The tools of social media sites not only are detrimental to the perceptions of ourselves but to society’s perception of information. The example given in The Social Dilemma documentary is on if you were to type in “climate change is…” and let the Google engine auto-complete you’ll get different information just based on where you are physically in the world. This is also the case in Facebook and Twitter feeds. Where each user has their own echo-chamber tailored to the user. The best examples of how people can receive totally different streams of information is based on how Facebook and Twitter algorithms read it’s users.

For example, Facebook’s algorithm is designed in a way in which it has the ability to find users that are susceptible to believing in conspiracy theories and suggest different conspirator groups, such as Pizzagate and qAnon. A normal person wouldn’t ever see this type of faux-information. Sometimes these conspiracy theories can be as frivolous as “The Flat-Earth” conspiracy or can be extremely dangerous with Pizzagate. Pizzagate conspiracy was rooted in the idea that buying a pizza pie would, in turn, mean a human being was being trafficked, this information allowed a gunman to try and take over a pizza shop to check out a basement that did not exist because he believed there was a pedophile ring. Facebook had essentially created a propaganda machine that has been used by countries in under-developed countries to control its citizens.

Towards the end of Netflix’s tech documentary, the ideas that are being reflected about the threat of this disinformation age is that the existential threats are not using the phone itself, or advertisers getting you to watch one more video, or spend 5 more minutes on a site.

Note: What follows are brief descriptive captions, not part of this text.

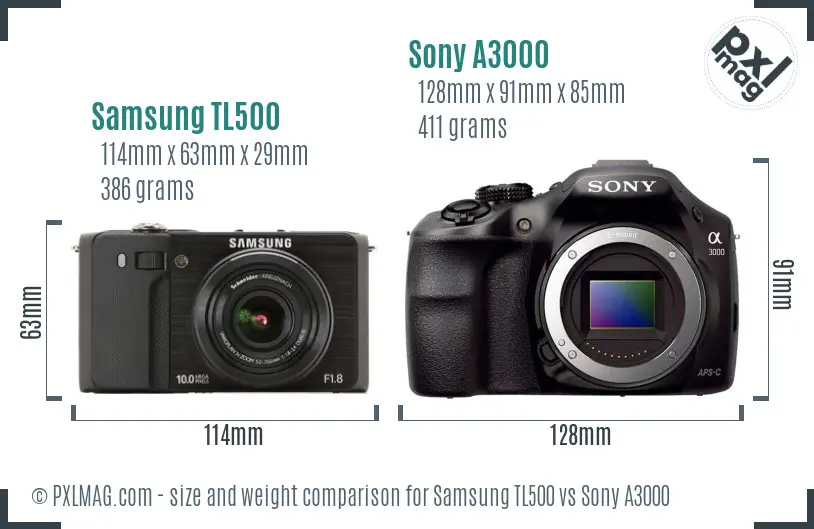 Samsung TL500 vs Sony A3000 size comparison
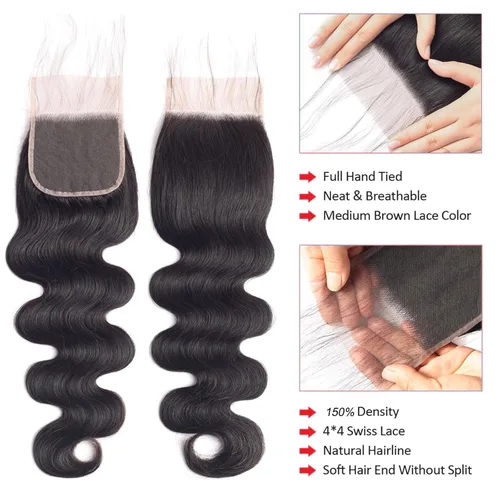 Miniatura 3 de ALLRUN Paquetes de Ondas Corporales con Cierre Cabello Humano 12 14 16 Pulgadas+10 Cierre Tejidos Corporales 3 Paquetes y Cierre Parte Libre 100%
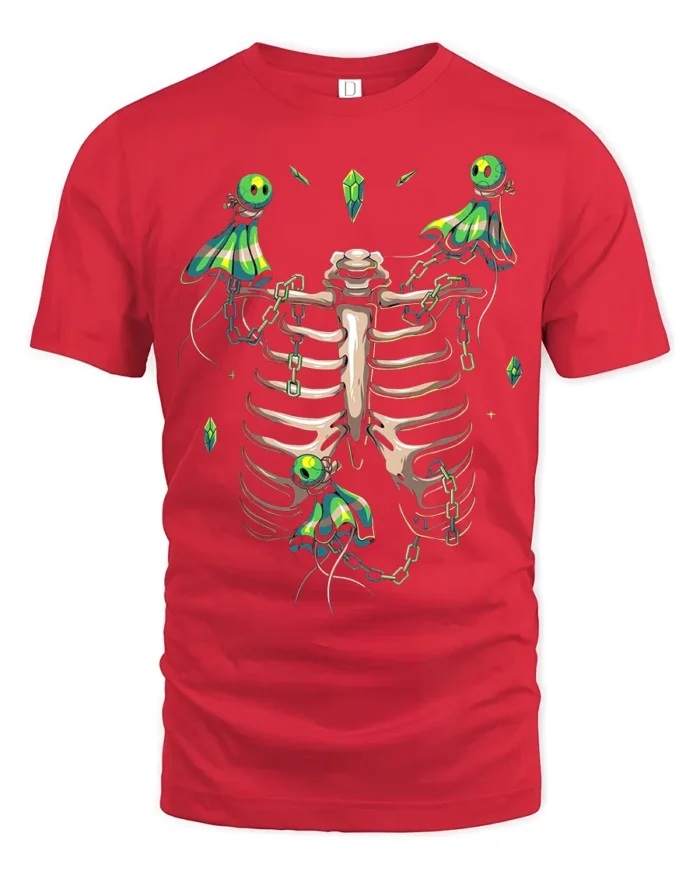 Mystic Skeleton Spirits Chained Glowing Ghosts and Ribcage Graphic Shirt - red t-shirt on white background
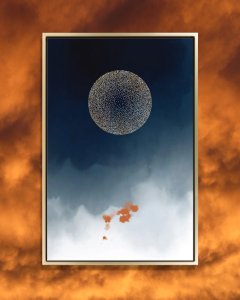 Moon wall art of abstract dotted moon in front or blue, white and orange hues by icanvas artist Nordic Print Studio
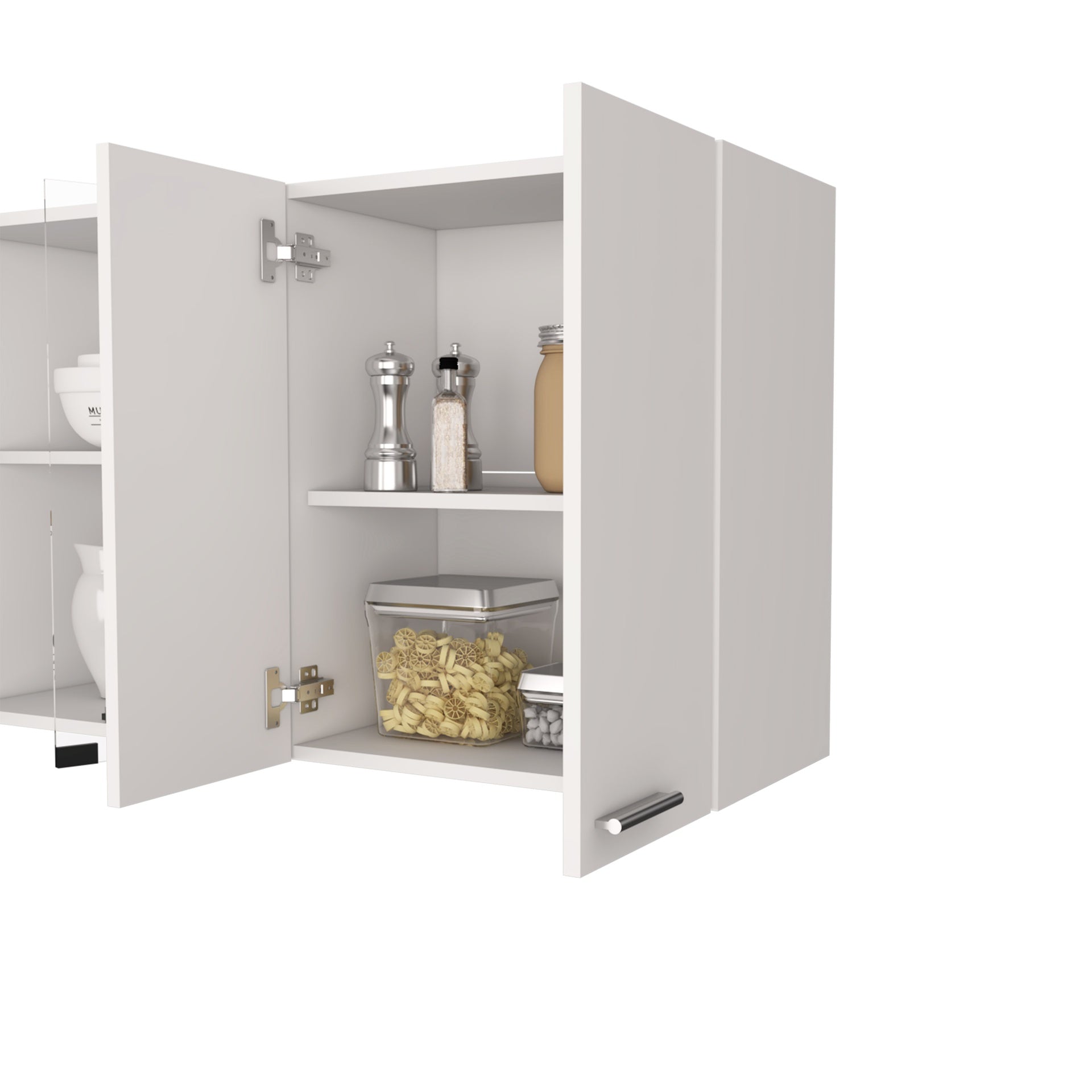 Yuma 150" Wall Cabinet, Two Close Cabinets, Two Open Shelves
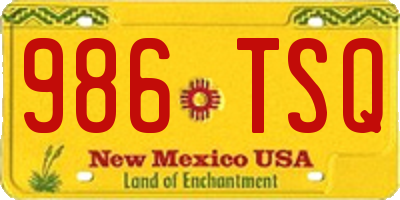 NM license plate 986TSQ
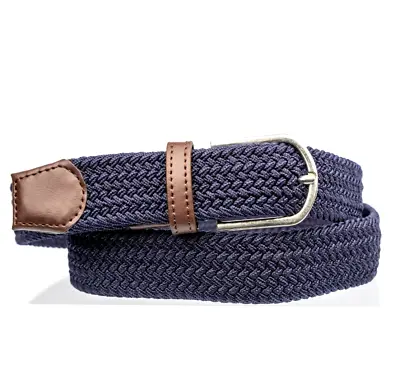 M&S Braided Woven Stretch Dark Blue Fabric Belt Size M • £9.95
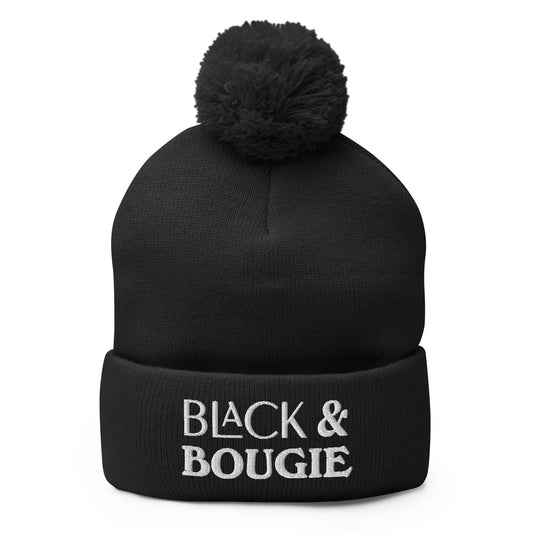 Black & Bougie Pom-Pom Beanie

The biggest threat is that misinformation is causing more polarization and more division. Creating more offline harm that is relatively violent. Tim Kendall, who was a former President of Pinterest was asked what he is most worried about happening in the near future. He responded with “In the shortest-horizon…Civil War.” How horrifying is that? That some of the people who created the very tools of what technology and social media believe that at the current rate we will be in a civil war in the new future.

How do we stop this prospect? Well, the opinion shared with many of the tech engineers in The Social Dilemma and something I agree with; is that the problem isn’t with the tech or social media. The real problem is within the business model. There is no regulation on data mining users for companies. The idea is that if you regulate the amount of data that is taken from users or tax it. There is now no incentive for companies to pursue all the data out there because it wouldn’t fiscally benefit the company or the shareholders to do so. The reason none of it has changed is that the criticism hasn’t reached the mainstream. Who knows if it even gets there? The failures expended upon the tools of these technologies are not widely known, and that is why this documentary was made, to shine a light on the failings of the tech industry. Not in the tools they have created but being negligent to the ways the tools are being used to do harm.